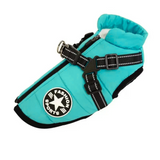 Waterdichte Hondenjas - RainRover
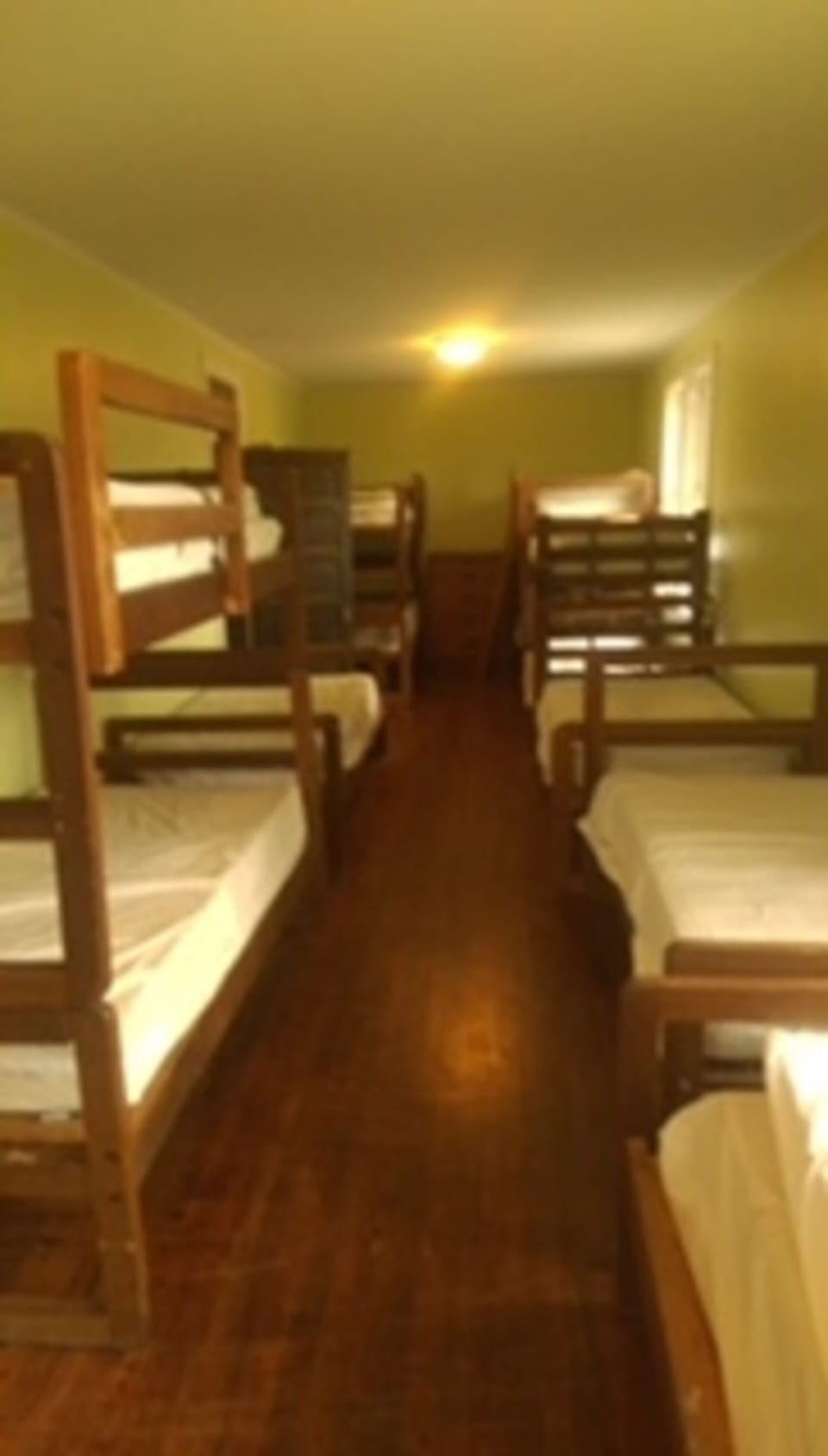  BEDROOM #8 
SLEEPS 10 -12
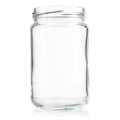 314ml Round Glass Jar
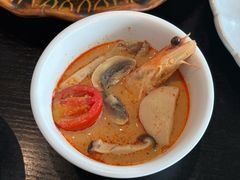 -Thai Alley泰爱里(二沙岛店)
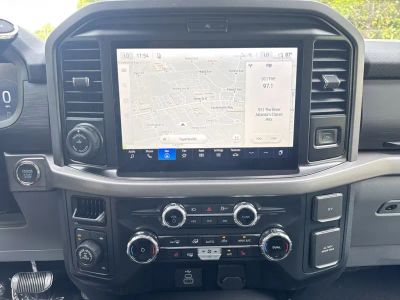 2026 Ford F-150 — photo 27 view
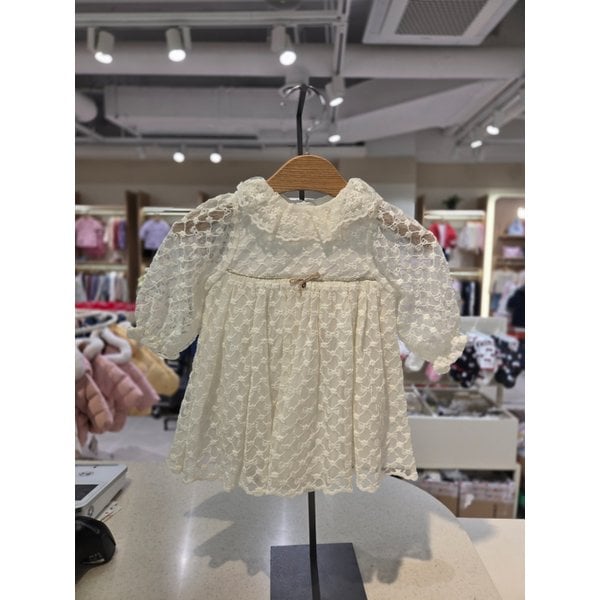 [파주점] (IV)  샤를 뮤리본레이스  바디슈트 3511160402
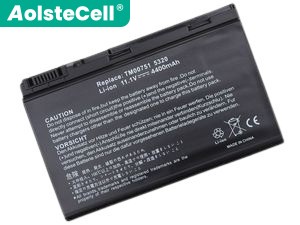 Μπαταρία για Acer TM00751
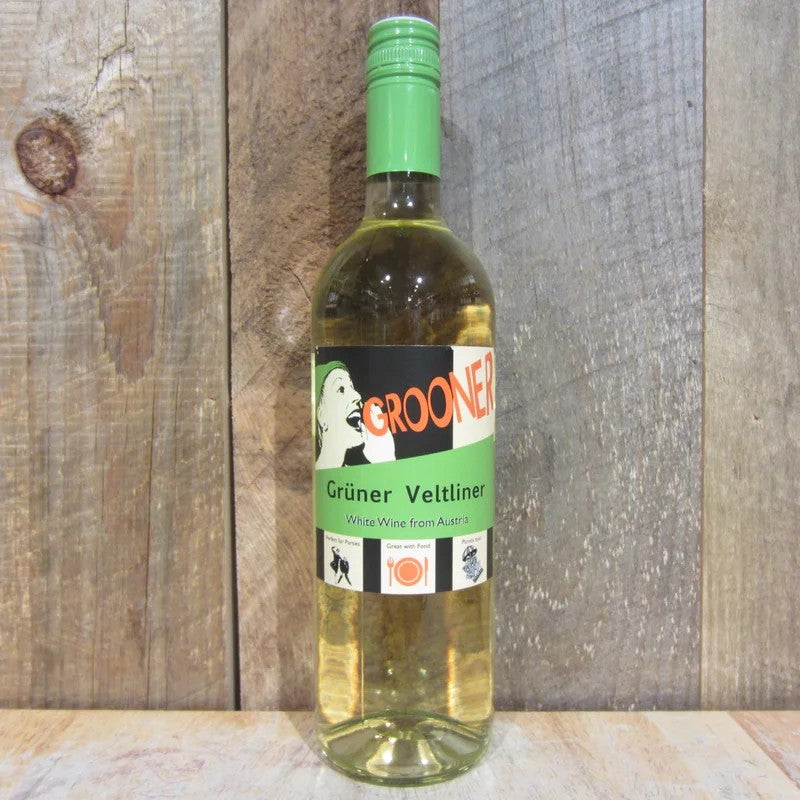 GroonerGrunerVeltliner750ml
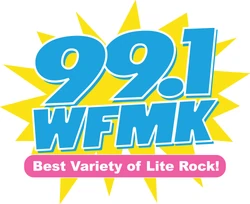 99.1 WFMK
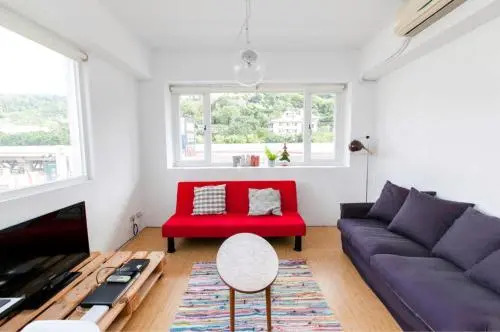 Fun Taipei Share House 樂趣台北共居 - 月租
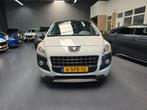 Peugeot 3008 1.6 THP Style PANO NAVI BLUETOOTH NAP NL AUTO, Voorwielaandrijving, Euro 5, 1434 kg, Wit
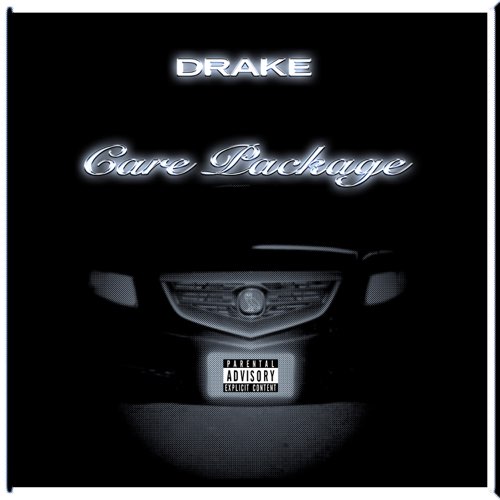 Drake - Care Package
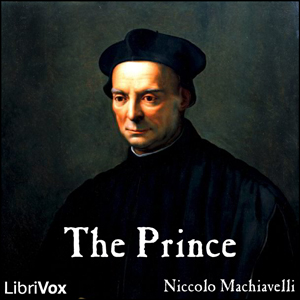 Audiobook The Prince (Version 2)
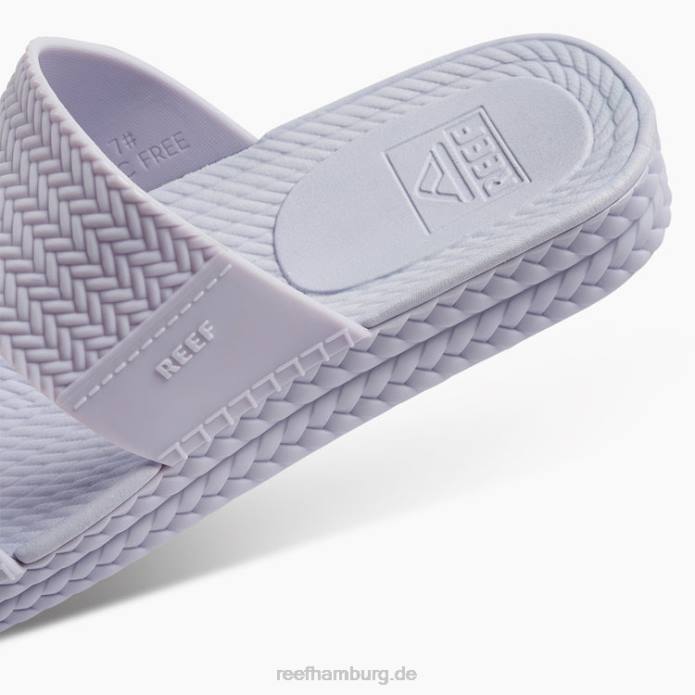 Aussichtsrutsche auf das Wasser Kristall 442L71 Frauen Reef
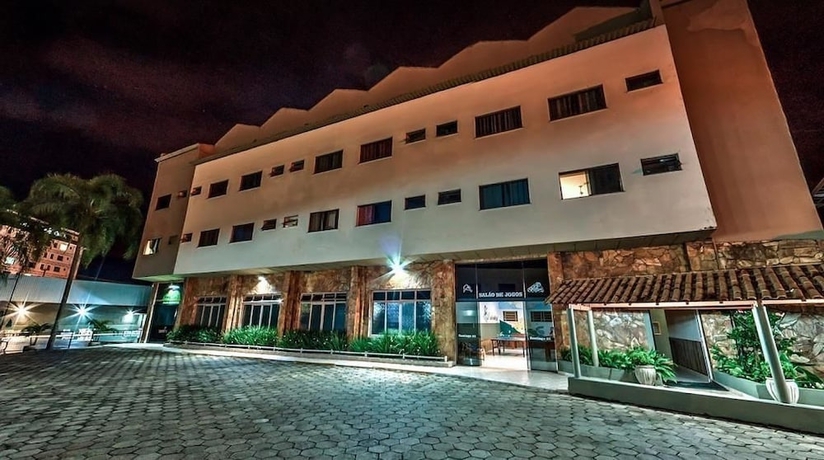 Imagen general del Hotel Santiago, Lind&oacute;ia. Foto 2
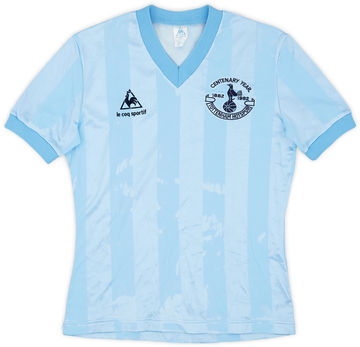 Tottenham 1982-83 Away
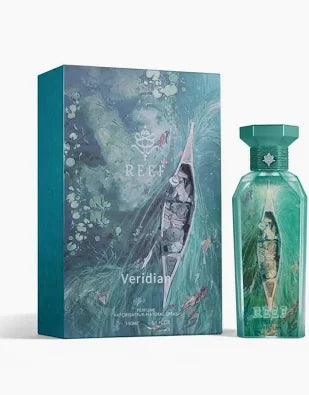 Veridian Eau de Parfum by Reef – 150ml EDP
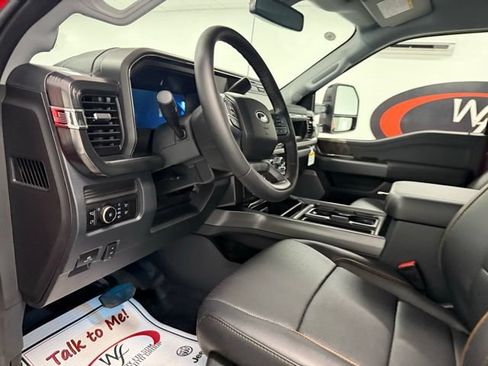 New 2026 Ford F450 Lariat AWD/4WD image 10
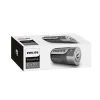 PHILIPS INDUSTRIAL ALKALINE D BATTERI 10 STK/PAK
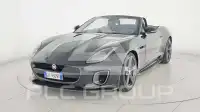 2017 Jaguar F-TYPE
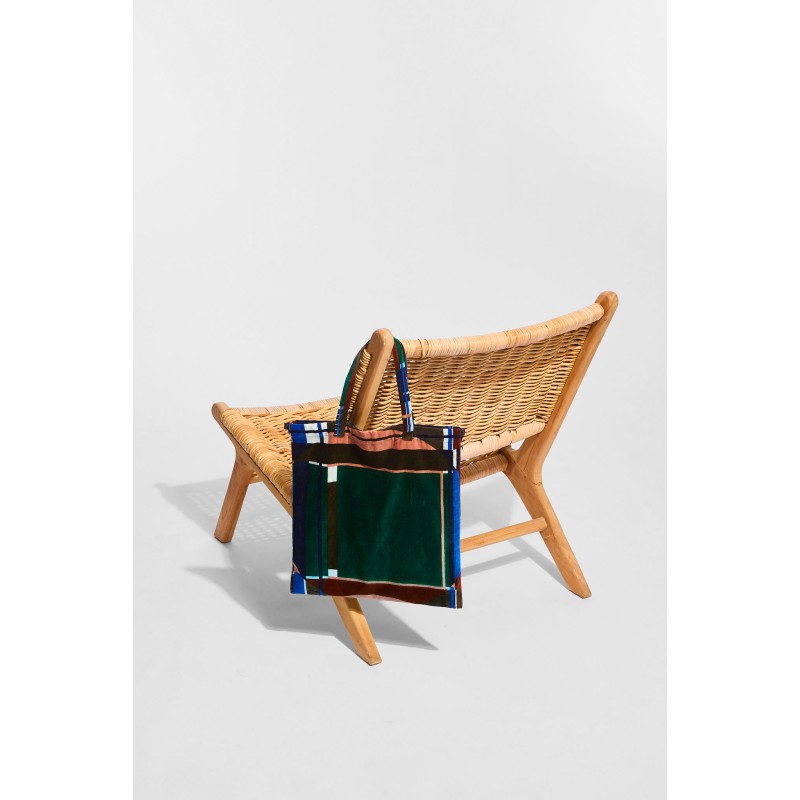 Green Brown Theorie Gabin Bag
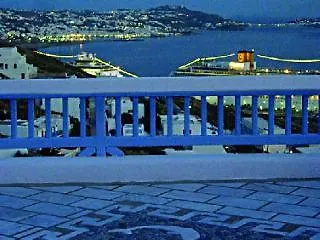 Amazing View Ξενοδοχείο με διαμερίσματα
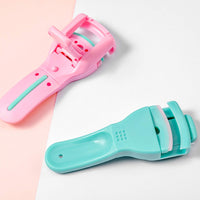 Kailie Eyelash Curler Clipper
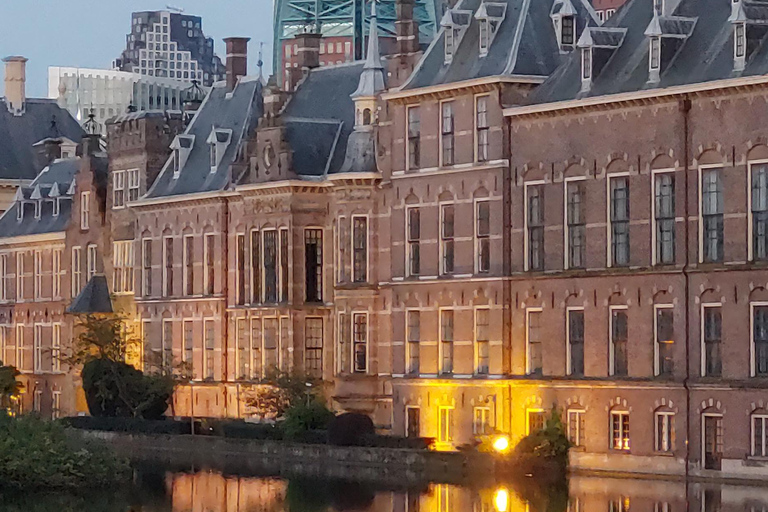 Historical Tour of The Hague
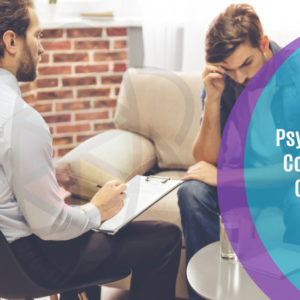 Support Worker- Psychology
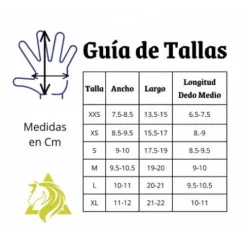 Clearance Gants d’équitation Trotando Juntos – Adhérence & Confor Femme Gants D'Équitation|Tenue D'Équitation Femme·Gants D'équitation Femme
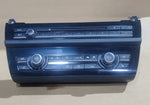 قم بتحميل الصورة إلى عارض الصور، OEM BMW 5 Series F10 F11 Multifunction Climate & Radio Control Switch – 9263746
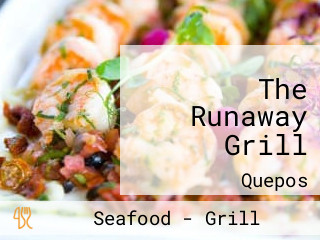 The Runaway Grill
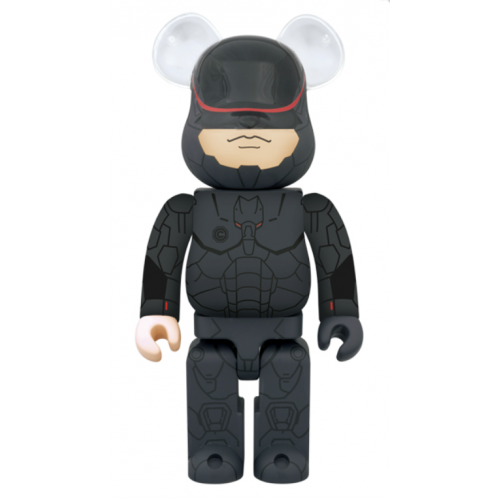 BE@RBRICK ROBOCOP 3.0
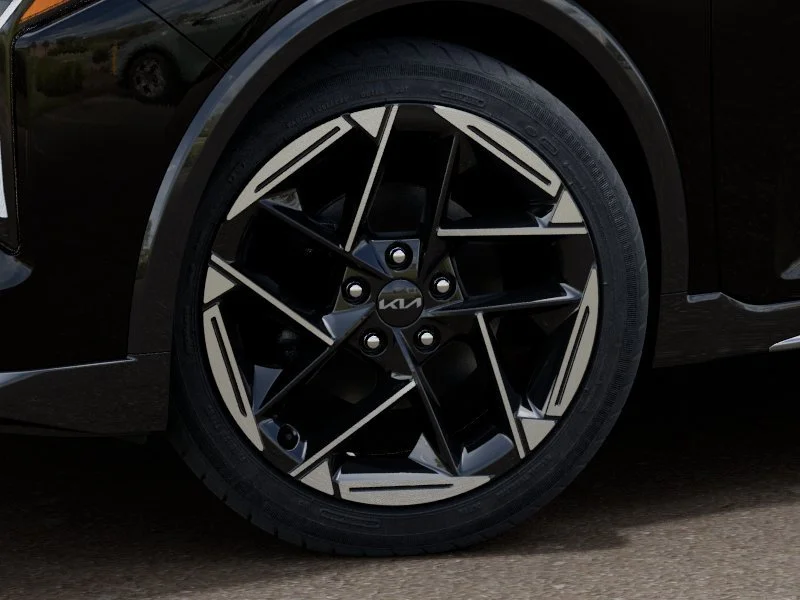 New 2026 Aurora Black Pearl Kia GT-Line image 9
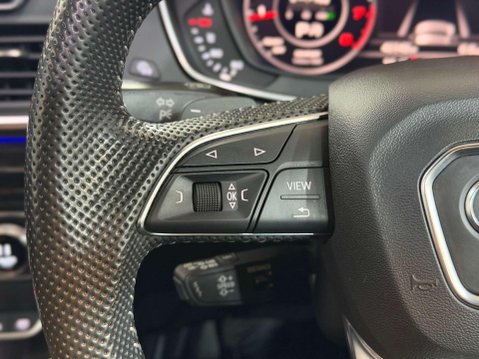 Audi Q5 2.0 TFSI 45 Vorsprung SUV 5dr Petrol S Tronic quattro Euro 6 (s/s) (245 ps) 32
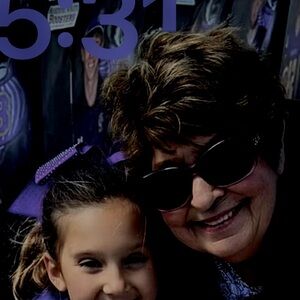 Meet your Posher, Linda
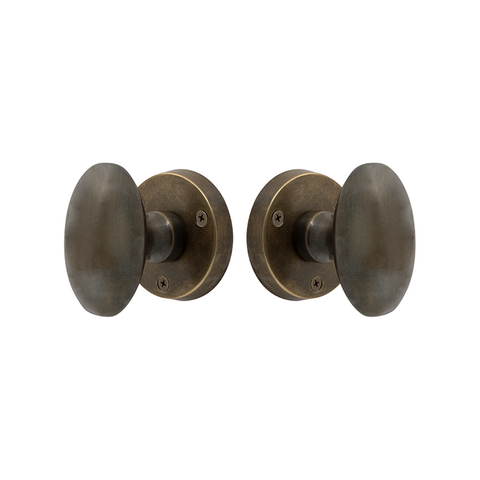 Camden Knob Set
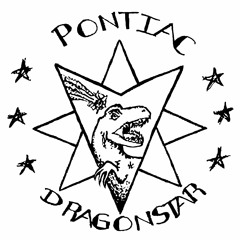 Pontiac Dragonstar 2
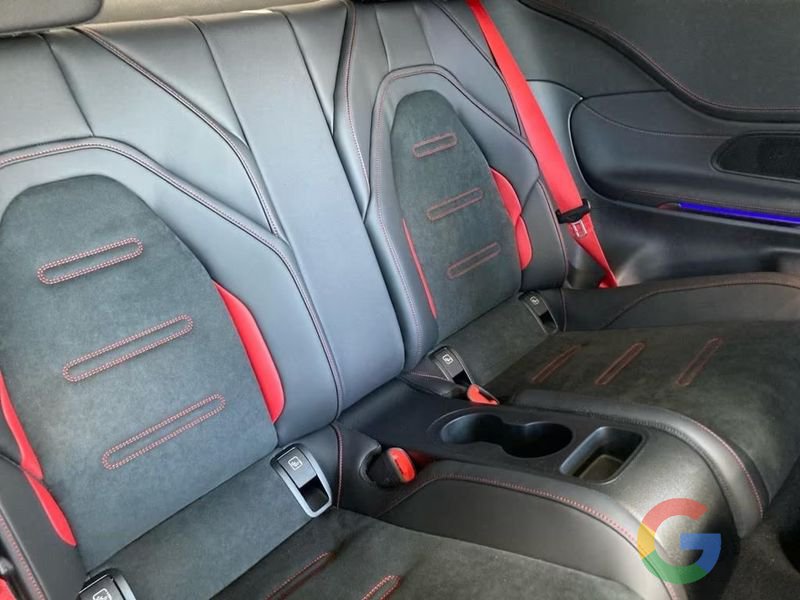 Mercedes-Benz CLE Coupé CLE 53 AMG Coupé 4Matic+ Premium Plus *TETTO*IVA ESPOSTA*SED.GUSCIO*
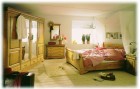 Graceland Schlafzimmer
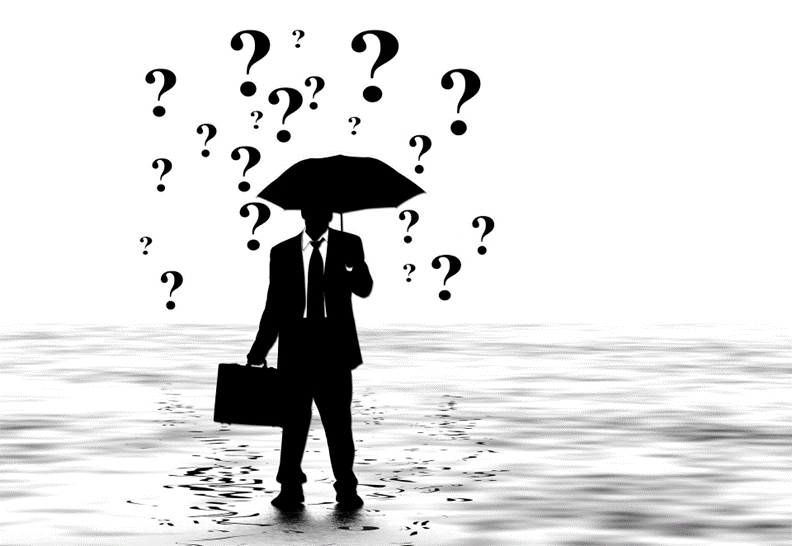 Crises Empresariais: Fatos e Tendncias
━━━━━━
- **Your goal**: Your copy should consist solely of the lines from the line containing "Pontiac Dragonstar 2" through the last line of the records above, reproduced exactly, with the pictures left out.

- **Response**:
 Pontiac Dragonstar 2
 Mercedes-Benz CLE Coupé CLE 53 AMG Coupé 4Matic+ Premium Plus *TETTO*IVA ESPOSTA*SED.GUSCIO*
 Graceland Schlafzimmer
 Crises Empresariais: Fatos e Tendncias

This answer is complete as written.